10. For over 13 years Jean-Francois had been trying to read the inscription on the granite slab discovered by Napoleon troops captain when building the fort near the Egyptian town of Rosetta in the western arm of the Nile delta. Ancient tsars came to his help – Ptolemy, Kleopatra, Xerxes. Champollion considered the repeated symbols to be royal names and it turned out he was not mistaken.
11. The work proved extremely exhausting. It is said that once Champollion asked his brother to send him the Chinese grammar book. When his brother inquired why he needed it, Jean-Francois replied that he wanted to have at least some distraction from his work.
12. The shock of his own discovery was so immense that upon crossing his brother’s study and uttering the words “I have succeeded,” Champollion fainted and remained in coma for 5 days.
13. On September 27, 1822, Champollion wrote “A letter to Mr. Dacier, the secretary of the French Academy of Inscriptions, on the phonetic hieroglyph alphabet.” It is this paper that is considered the metric of the newly-born science called Egyptology. The text carved on the Rosetta stone turned out to be gratitude of Egyptian priests who thanked the monarch Ptolemy V in the year 196 AD.
14. In 1824, Champollion’s opus magnum was published under the title “Précis du système hiéroglyphique des anciens Égyptiens, ou recherches sur les éléments premiers de cette écriture sacrée, sur leurs diverses combinaisons, et sur les rapports de ce systéme avec les autres méthodes graphiques égytpiennes.” There the scientist set forth his theory of the Egyptian hieroglyphic scripture and countered his critics who had accused him of plagiarizing.
15. Champollion spent about 2 years studying Egyptian collections in Rome, Naples, Florence, and Turin. Then he established the Egyptian Antiquities Museum, currently it is the famous Egyptian Gallery in the Louvre.
16. It was only in 1828 when Egyptologist Number 1 got to the country that had obsessed his thoughts for several decades. In the letter to his brother the scientist could not help hiding his delight: “… I’ve spent the past 6 months in the midst of Egyptian monuments and I am amazed that I am able to read their inscriptions more fluently than I could possibly imagine.” In Egypt Champollion studied a great number of Ancient Egyptian monuments and inscriptions and totally ruined his health.
17. In 1831, Champollion was appointed professor of Egyptian history and archeology at College de France at the department that was specifically designated for him. The scientist only managed to deliver an inaugural lecture there.
18. The whole city of Paris mourned the premature death of the scientist. He was buried in Pere Lachaise cemetery next to the grave of Joseph Fourier, the very person in whose house young Champollion first saw the objects of his future research interest.
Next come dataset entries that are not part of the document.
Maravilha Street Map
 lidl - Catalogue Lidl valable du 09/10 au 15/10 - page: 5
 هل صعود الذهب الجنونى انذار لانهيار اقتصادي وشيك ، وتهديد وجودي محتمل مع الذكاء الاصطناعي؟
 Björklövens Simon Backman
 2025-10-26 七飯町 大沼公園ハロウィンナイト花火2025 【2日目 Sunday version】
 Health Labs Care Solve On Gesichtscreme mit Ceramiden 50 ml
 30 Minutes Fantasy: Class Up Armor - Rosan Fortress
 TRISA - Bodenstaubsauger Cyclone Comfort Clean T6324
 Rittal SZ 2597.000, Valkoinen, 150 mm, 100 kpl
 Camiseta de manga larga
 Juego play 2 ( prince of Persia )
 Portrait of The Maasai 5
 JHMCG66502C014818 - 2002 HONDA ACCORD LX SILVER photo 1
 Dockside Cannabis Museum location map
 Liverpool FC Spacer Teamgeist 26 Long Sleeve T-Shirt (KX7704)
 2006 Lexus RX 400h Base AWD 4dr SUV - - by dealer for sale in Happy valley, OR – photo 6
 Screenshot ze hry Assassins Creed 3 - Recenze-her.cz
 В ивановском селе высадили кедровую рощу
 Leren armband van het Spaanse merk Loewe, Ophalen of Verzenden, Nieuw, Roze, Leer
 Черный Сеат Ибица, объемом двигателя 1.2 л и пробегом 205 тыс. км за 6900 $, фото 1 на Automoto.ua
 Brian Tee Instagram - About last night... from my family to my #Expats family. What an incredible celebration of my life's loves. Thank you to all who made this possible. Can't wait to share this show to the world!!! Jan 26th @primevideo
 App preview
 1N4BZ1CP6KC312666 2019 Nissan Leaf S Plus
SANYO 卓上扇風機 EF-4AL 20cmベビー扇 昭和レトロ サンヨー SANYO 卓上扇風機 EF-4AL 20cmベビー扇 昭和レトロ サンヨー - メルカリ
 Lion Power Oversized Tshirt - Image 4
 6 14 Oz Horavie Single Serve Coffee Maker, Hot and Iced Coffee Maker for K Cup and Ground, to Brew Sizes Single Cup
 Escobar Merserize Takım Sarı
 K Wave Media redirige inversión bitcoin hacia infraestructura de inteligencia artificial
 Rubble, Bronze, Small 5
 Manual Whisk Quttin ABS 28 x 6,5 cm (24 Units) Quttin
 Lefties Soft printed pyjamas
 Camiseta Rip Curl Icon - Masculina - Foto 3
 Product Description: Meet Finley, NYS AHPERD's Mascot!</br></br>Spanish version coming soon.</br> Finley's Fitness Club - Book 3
19. The contemporaries claimed that after Champollion’s deciphering the Rosetta stone, there appeared a trend in Paris to send love letters ciphered in hieroglyphs.
20. In Champollion’s hometown of Figeac there is Place of Inscription where a most extraordinary monument was made to the great scientist. The monument reproduces the Rosetta stone. The statue of Champollion executed by Frederic Auguste Bartholdi, the one who created the Statue of Liberty, can be found in the court of College de France. The portrait sculpture depicting Champollion is available in the Louvre.